[TASK TO COMPLETE] The task calls for each record to be given again unchanged, minus any pictures.

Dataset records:
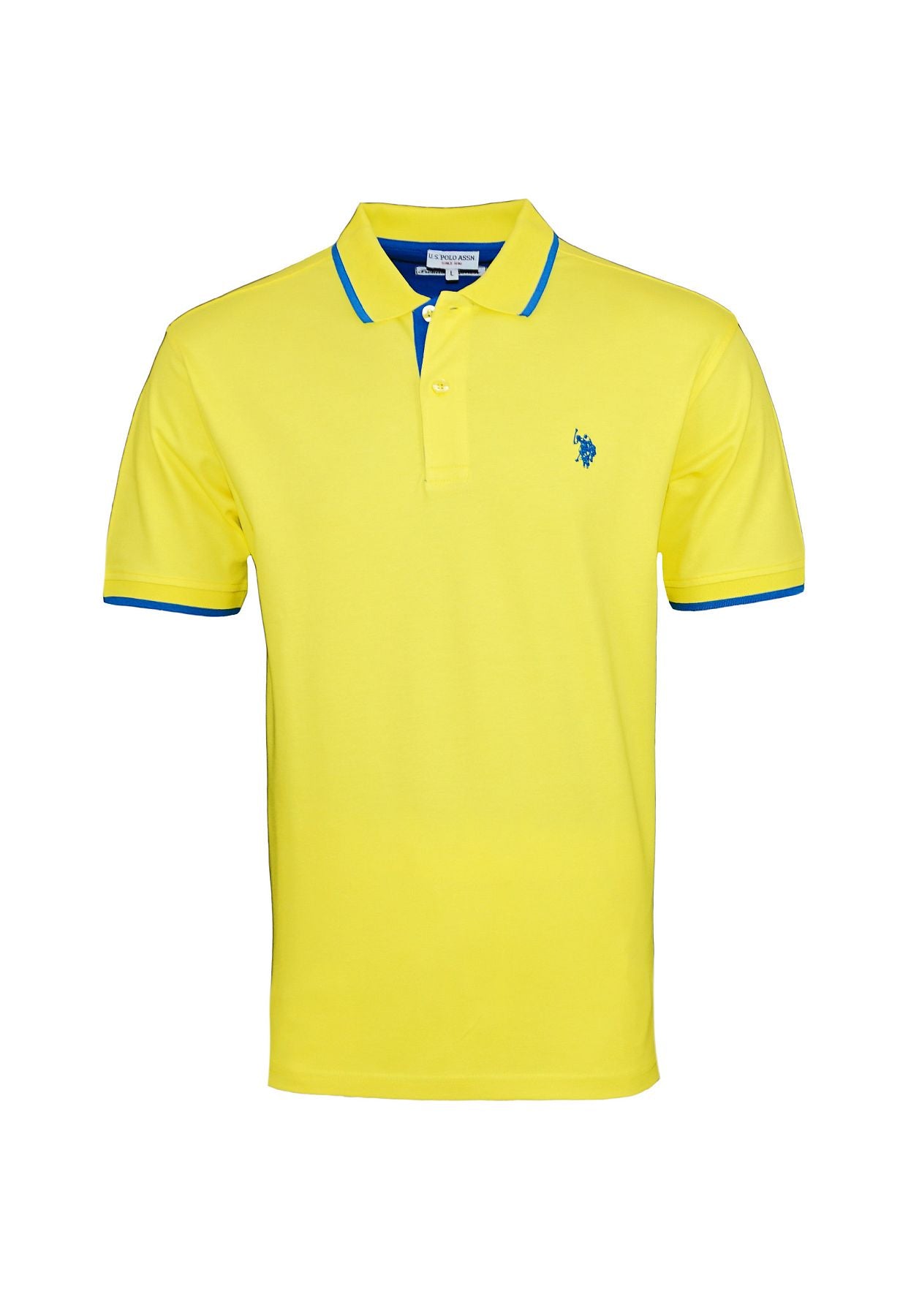U.S. POLO Poloshirt Fashion New Polohemd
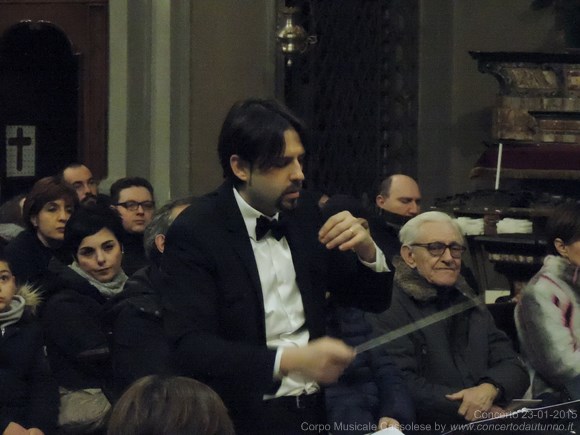 Corpo Musicale Cassolere dir. Roberto Ramaioli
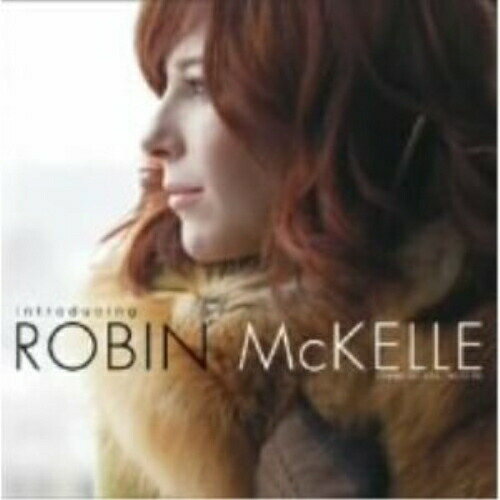 CD / ロビン・マッケル / イントロデューシング / XNSS-10070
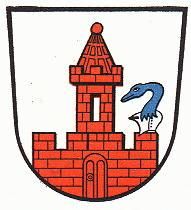 Wappen von Lichtenau (Baden) / Arms of Lichtenau (Baden)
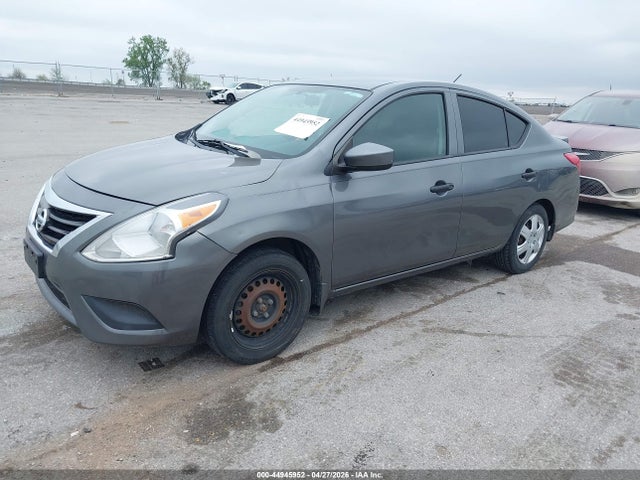 Продажа на аукционе авто 2019 Nissan Versa 1.6 S+, vin: 3N1CN7AP6KL820224, номер лота: 44945952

[SOLUTION]
U.S. POLO Poloshirt Fashion New Polohemd
 Corpo Musicale Cassolere dir. Roberto Ramaioli
 CD / ロビン・マッケル / イントロデューシング / XNSS-10070
 Wappen von Lichtenau (Baden) / Arms of Lichtenau (Baden)
 Продажа на аукционе авто 2019 Nissan Versa 1.6 S+, vin: 3N1CN7AP6KL820224, номер лота: 44945952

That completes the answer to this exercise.